# CV boot replacement



## AltimaBlues (Apr 6, 2006)

By 110K miles, my 1998 Altima outer CV boots both had ripped completely around one of the folds, leaking grease. The left outer boot apparently ripped sometime earlier than the right, which looked more recent.

Surprisingly, the inner boots seemed to be in good shape, as did the shaft seals, but, they were replaced anyway since I had everything disassembled. 

Parts suppliers will sell the rebuilt drive shafts ready to install for around $70 each. I decided to do everything myself. Bottom line, I didn't save any money.

One problem: Following the Hayne's manual, I separated the control arm from the steering knuckle. Haynes says grease the picklefork to protect the dust boot. HA! That is easier said than done. Ironically, the picture in the Haynes manual shows a dust cover clearly ripped wide open.

No one I could find, not even Nissan, will sell the boots separately. They want you to buy the whole control arm assembly for somehting around $90. Not a good solution for a boot that ought to cost less than $5! I ended up using some self-fusing silicone tape from Radio Shack to repair the dust boots, and a hobby suringe with plastic attachment, to put grease back inside the boot.

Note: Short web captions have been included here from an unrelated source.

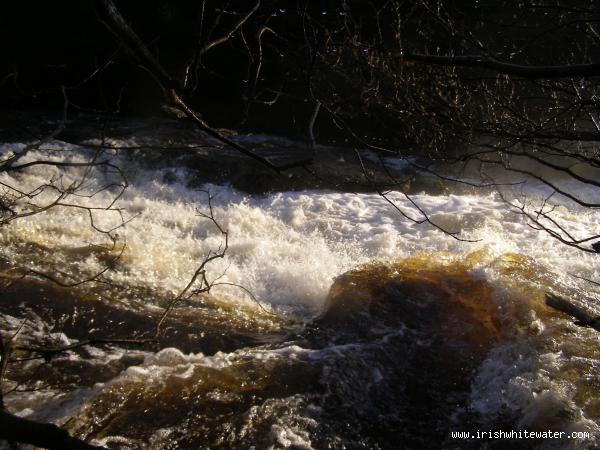  Upper Flesk/Clydagh River - Curler on top down on the slide. I wonder has anyone every kickflipped or wave wheeled it...:) Something to have a look at the next time your out!!!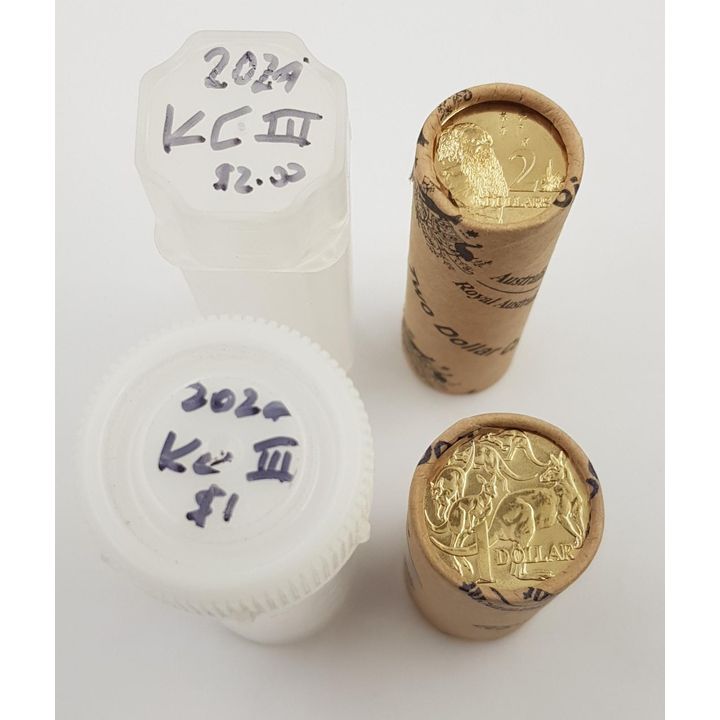 Charles III Effigy Coin RAM Rolls ($1& $2)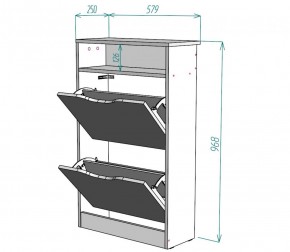 Обувница W6 (Белый) в Краснотурьинске - krasnoturinsk.mebel-e96.ru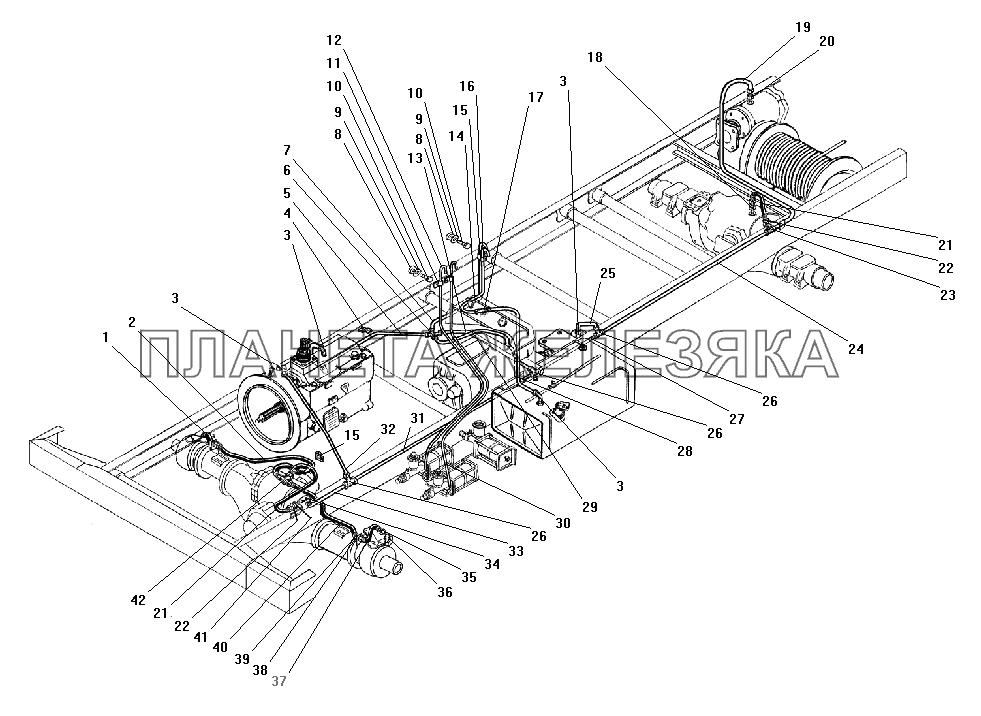 Система герметизации агрегатов УРАЛ-43206-41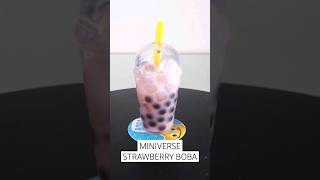 ✨😊❤️ Miniverse Make It Mini Food Cafe Series 1 Strawberry Boba #miniverse #mini #miniature #asmr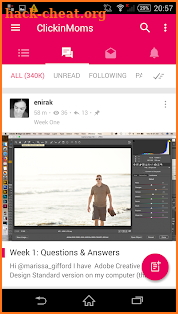 Clickin Moms Member Forum App screenshot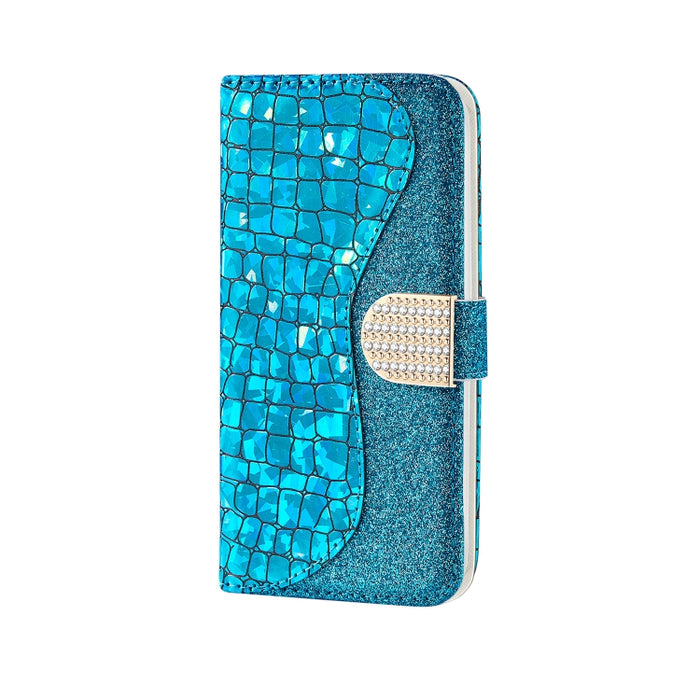 Estuche para teléfono de cuero de cocodrilo a juego con polvo de brillo láser, For Xiaomi Redmi Note 11 Pro International, For Xiaomi Redmi Note 11 International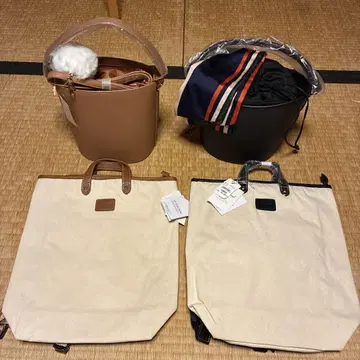 모두 새상품! 베이지, 블랙 버킷백, 카멜, 블랙 숄더백 4세트!
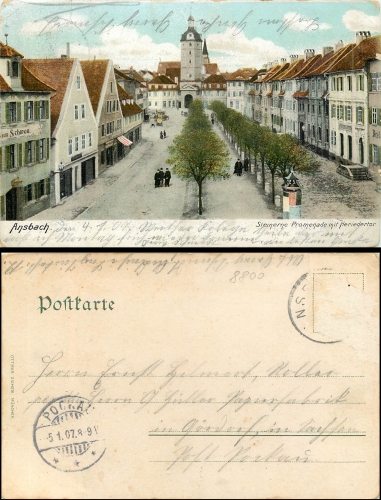 91522 Ansbach Steinerne Promenade o 05.01.1907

Anyone have any suggestions about how to do this without destroying the dust boot?


----------



## smj999smj (Jan 1, 2006)

I usually just take the nut off and give a big "whack" with a hammer to break it loose. The other option is to tack the horseshoe clip off the brake hose to gain a little slack, then remove the two bolts that attach the strut to the top of the knuckle. If you have stock struts, alignment is not an issue. If you have aftermarket struts with eccentric bolts, you'll need to re-align.


----------